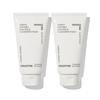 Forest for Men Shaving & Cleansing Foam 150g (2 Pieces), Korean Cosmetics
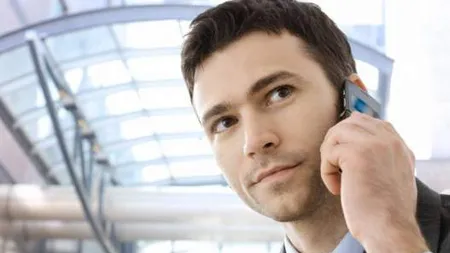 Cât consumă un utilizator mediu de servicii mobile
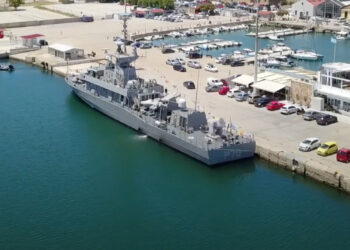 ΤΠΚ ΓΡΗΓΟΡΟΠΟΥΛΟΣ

################

Find the line with "Cât consumă un" in the listing and extract it and all lines after it through the end, exactly, without the pictures.

 Cât consumă un utilizator mediu de servicii mobile
 ΤΠΚ ΓΡΗΓΟΡΟΠΟΥΛΟΣ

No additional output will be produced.